**Instructions to follow**.
The data that follows is to be copied exactly, with each image removed.

Web page caption snippets:
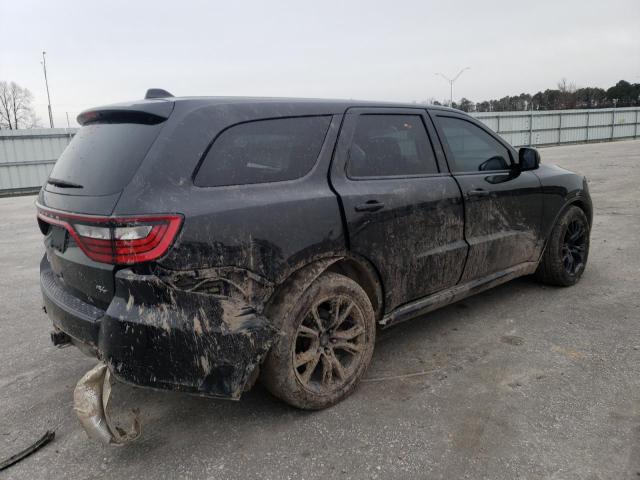 Photo 3 from auction – 2014 DODGE DURANGO R/ with VIN 1C4SDJCT6EC591823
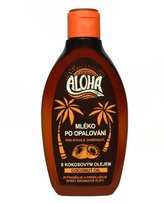 SUN ALOHA bronz mléko po opalování 200 ml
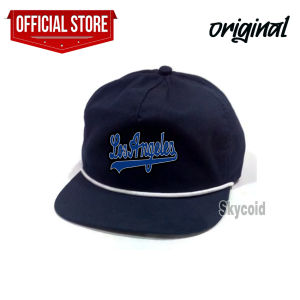 Topi Caps Classic logo skyco/ topi skyco/ topi snapback/caps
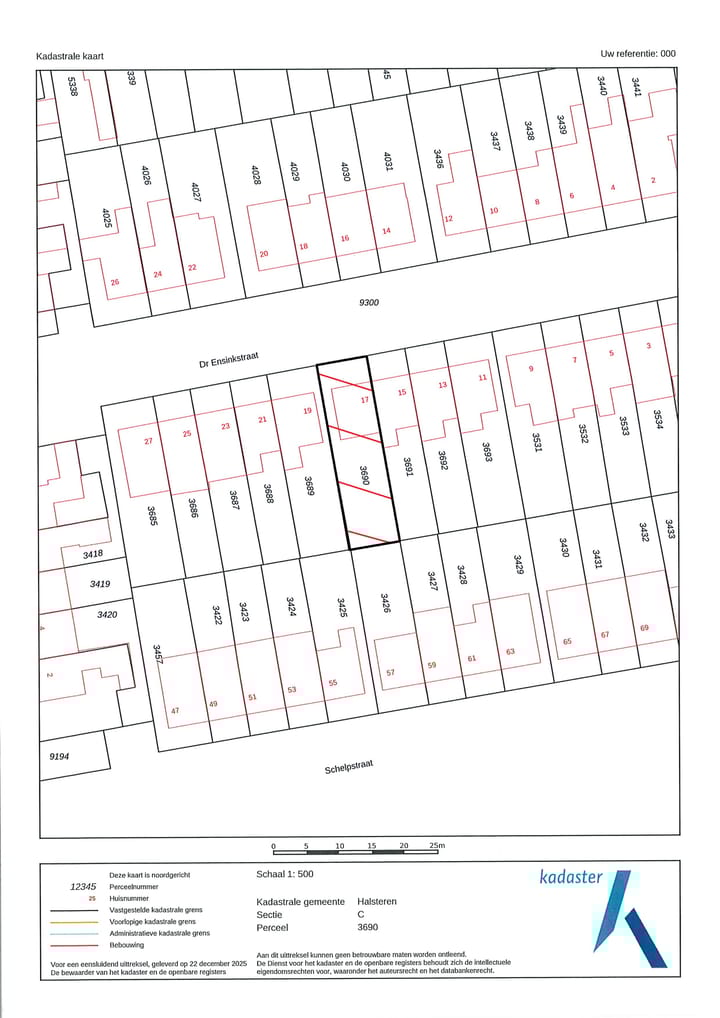 Foto 34 van Dr Ensinkstraat 17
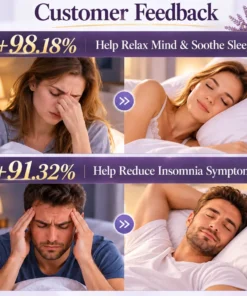 Biancat®DeepRest Sleep Renewal Spray
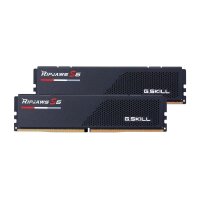 G.Skill D532GB 5600-30 Ripjaws S5 bk K2 GSK|...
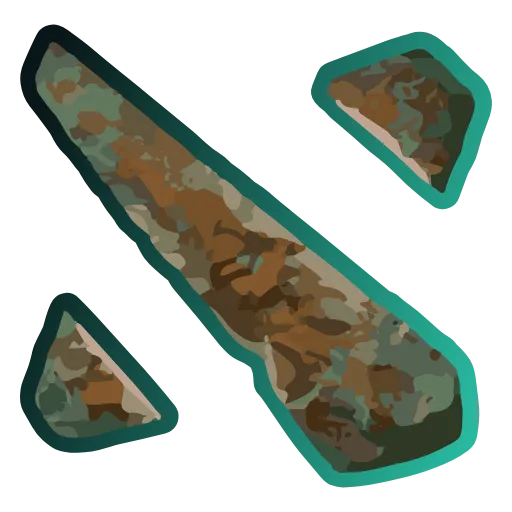 Стикер 24 Dota 2 HD Teams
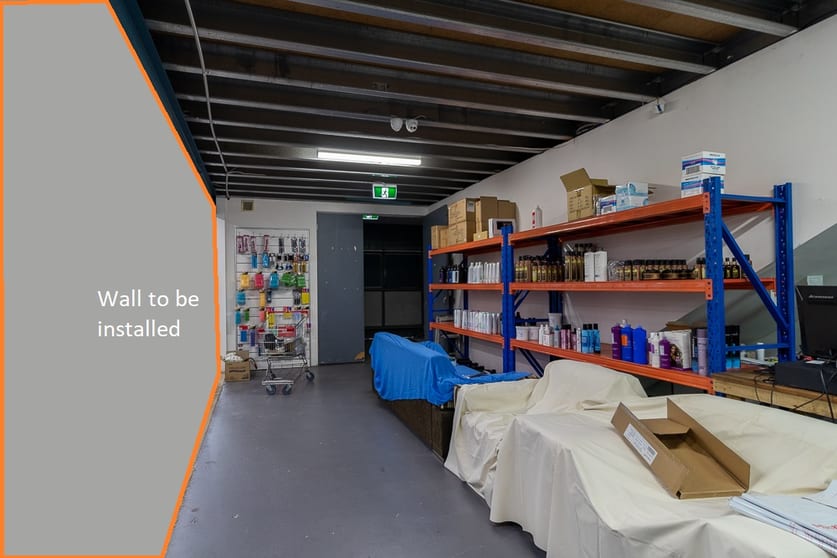 Click to view all images 29B/191 Parramatta Road Auburn NSW 2144 - Image 3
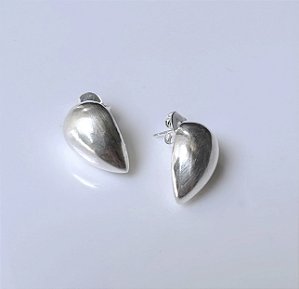 Brinco Gota Invertida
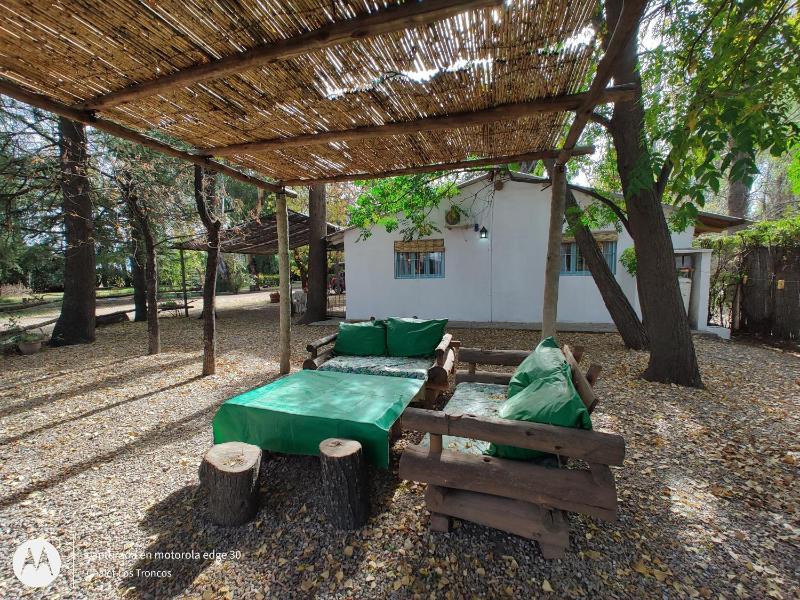 Chalet Los Troncos - image 40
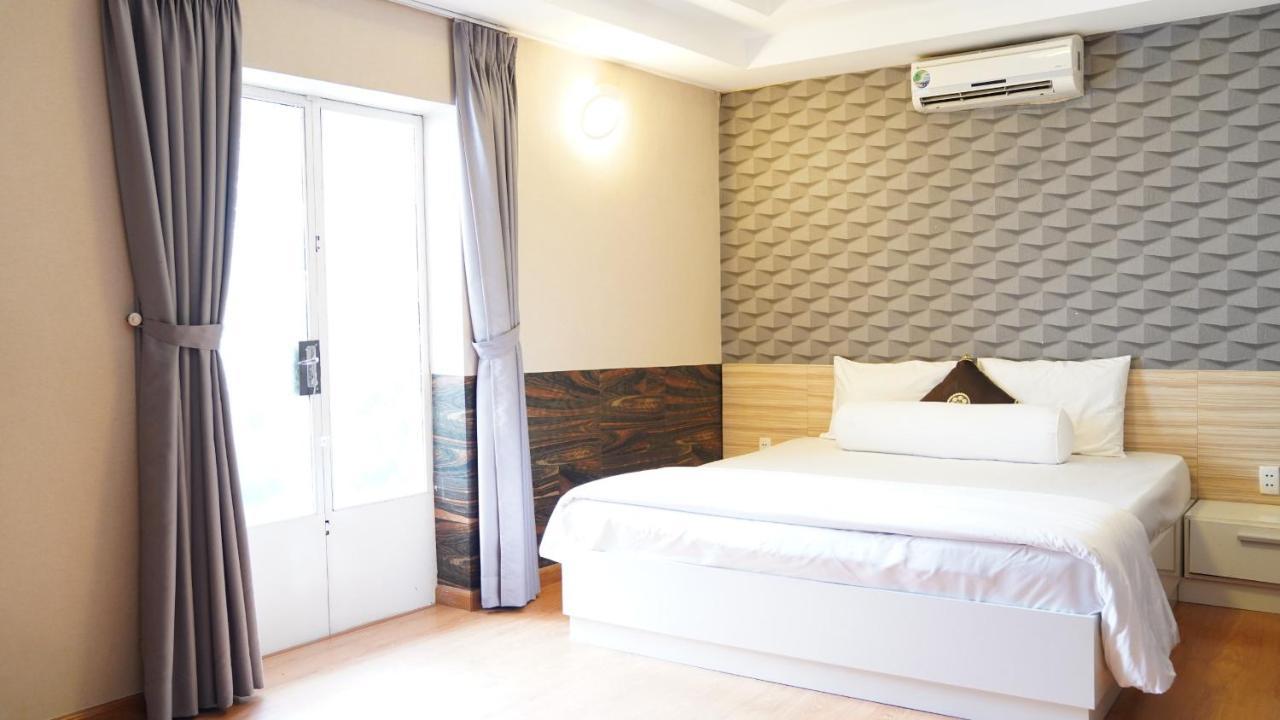 Hotel Dai Ket 3*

**Your response**.
 Photo 3 from auction – 2014 DODGE DURANGO R/ with VIN 1C4SDJCT6EC591823
 SUN ALOHA bronz mléko po opalování 200 ml
 Topi Caps Classic logo skyco/ topi skyco/ topi snapback/caps
 Foto 34 van Dr Ensinkstraat 17
 Biancat®DeepRest Sleep Renewal Spray
 G.Skill D532GB 5600-30 Ripjaws S5 bk K2 GSK|...
 Стикер 24 Dota 2 HD Teams
 Click to view all images 29B/191 Parramatta Road Auburn NSW 2144 - Image 3
 Brinco Gota Invertida
 Chalet Los Troncos - image 40
 Hotel Dai Ket 3*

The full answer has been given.